Le Corbusier faleceu em 27 de agosto de 1965 em Roquebrune-Cap-Martin, ao banhar-se no Mediterrâneo.

Fonte: Fundação Le CorbusierLink externo

Em 2016, a UNESCO designou 17 obras arquitetônicas de Le Corbusier como Patrimônios Mundiais, reconhecendo-o como um arquiteto inovador. A Villa Baizeau, no entanto, não estava na lista.

Hoje, a villa está escondida atrás de árvores densas e cercada por arame farpado. Vislumbres podem ser obtidos através das árvores ao se aproximar do Instituto de Estudos Comerciais Superiores de Cartago (IHEC) nas proximidades. Quando questionados, a maioria dos alunos do IHEC não conhece sua importância.

Le Corbusier na Tunísa

Este ano, um espaço cultural em Túnis chamado 32BisLink externo trouxe a villa de volta à vida ao dedicar uma exposição especial a ela. Embora a villa permaneça fechada ao público, a exposição ofereceu uma rara oportunidade de descobri-la. “Nunca imaginei que veria uma obra de Le Corbusier na Tunísia”, diz a arquiteta tunisiana Roeya Mansour ao visitar a exposição.

O evento, realizado de 15 de janeiro a 15 de maio, contou com uma série de encontros e palestras sobre habitação coletiva contemporânea, o legado de Le Corbusier e uma exposição que mostrou a famosa villa por meio de uma narrativa documental e fotográfica.

“Passar por esta casa histórica parece desafiador”, diz Melliti*, uma estudante prestes a se formar no IHEC, referindo-se ao fato de que a villa está escondida da vista do público. No entanto, ela aprecia a atenção dada à villa hoje, vendo-a como “parte do trabalho cultural para proteger a memória da Tunísia”.

A exposição apresentou uma coleção de documentos e arquivos relacionados à Villa Baizeau em Cartago, incluindo a correspondência inicial entre Le Corbusier e Baizeau. A maioria dos documentos foi obtida pela Fundação Le Corbusier na Suíça.

Testemunhos em áudio de descendentes e parentes de Baizeau, além de álbuns de fotos, mostraram a família jantando, tomando café e chá, e crianças brincando.

O público também pôde ver as últimas fotografias externas da Villa Baizeau, tiradas pelo fotógrafo francês Thomas Belhom em 2015. Essas fotografias se tornaram as imagens definitivas associadas à villa; nenhuma outra é conhecida atualmente. E mesmo assim, elas só mostram o edifício de longe. Para recriar a villa por meio de inteligência artificial, a exposição usou material de arquivo de Baizeau e Le Corbusier.

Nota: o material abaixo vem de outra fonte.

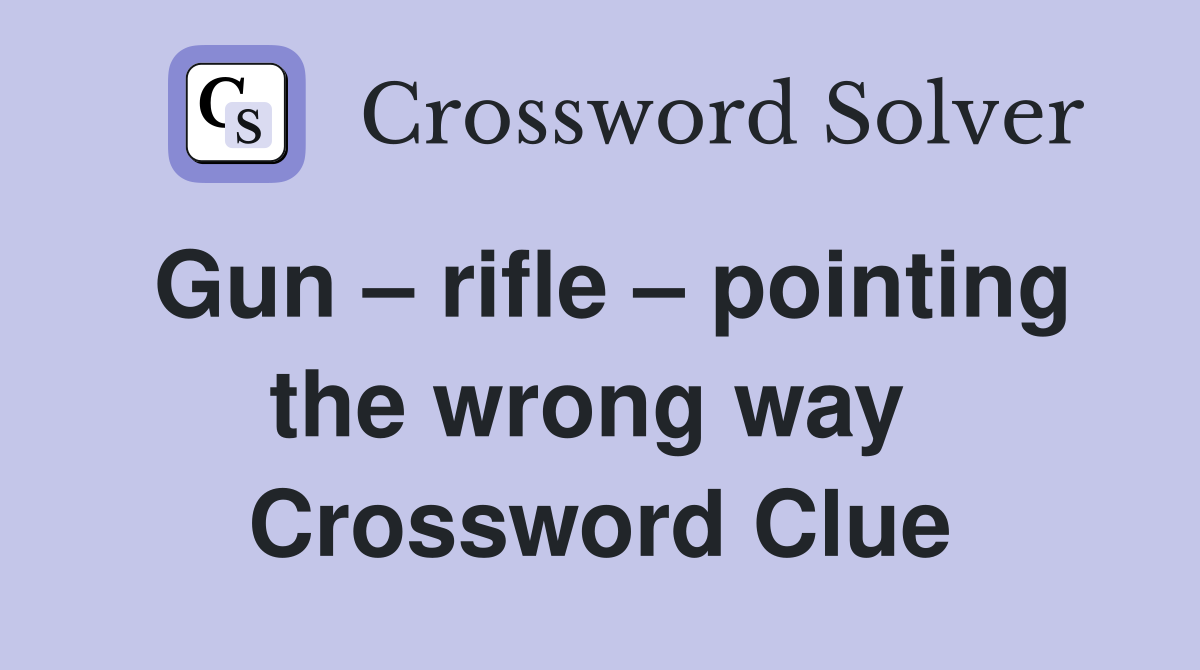 Gun – rifle – pointing the wrong way  Crossword Clue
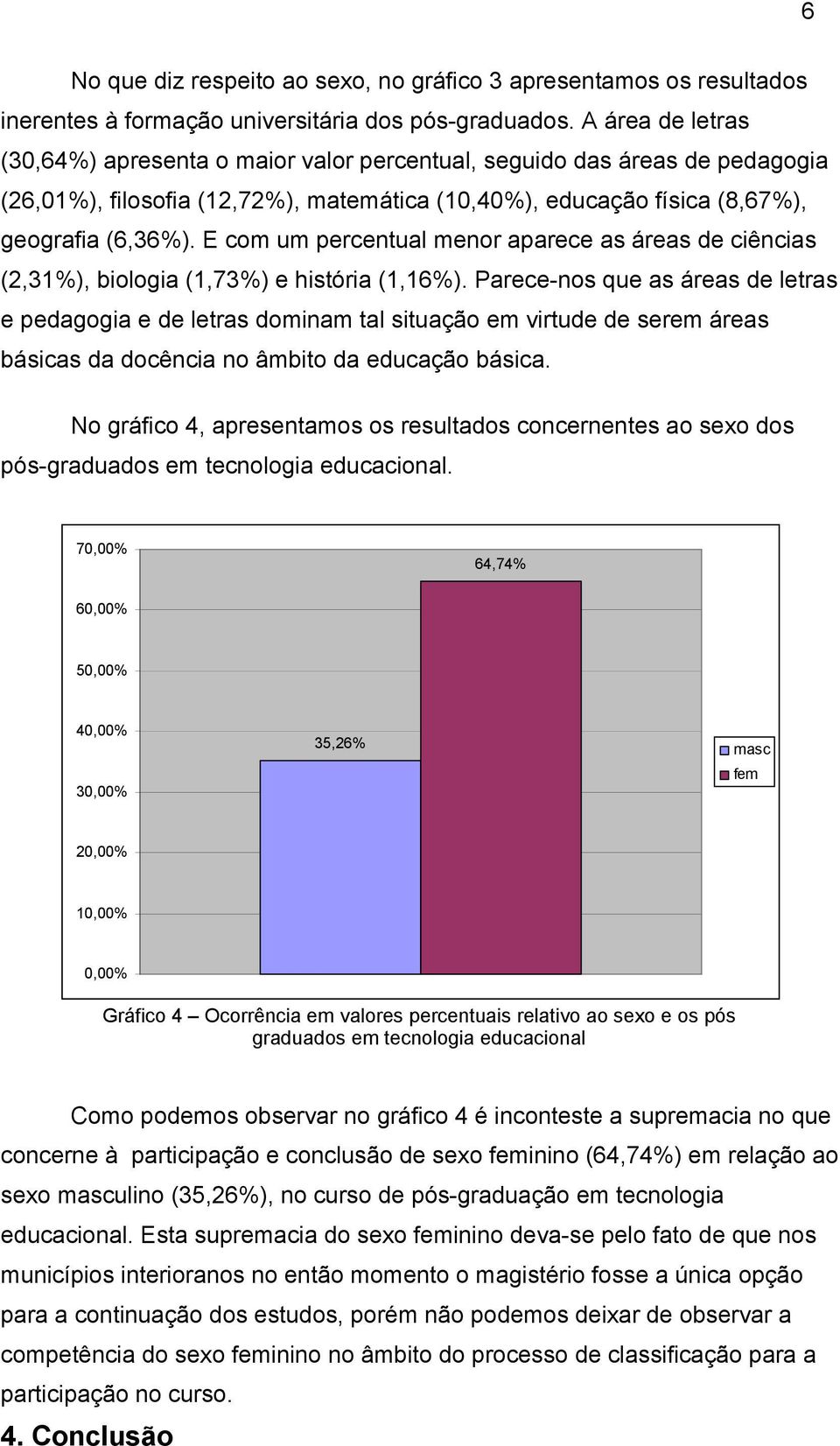 E com um percentual menor aparece as áreas de ciências (2,31%), biologia (1,73%) e história (1,16%).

O arquiteto Lamloum acredita que é importante usar a Villa Baizeau como fonte de lições arquitetônicas e para turismo cultural, especialmente por estar localizada perto da vila turística de Sidi Bou Said, no norte da Tunísia. “A Villa Baizeau deve voltar a gozar da luz do sol”, conclui.

* A autora conhece seu nome e sobrenome. A pedido da aluna, apenas o nome da família foi usado.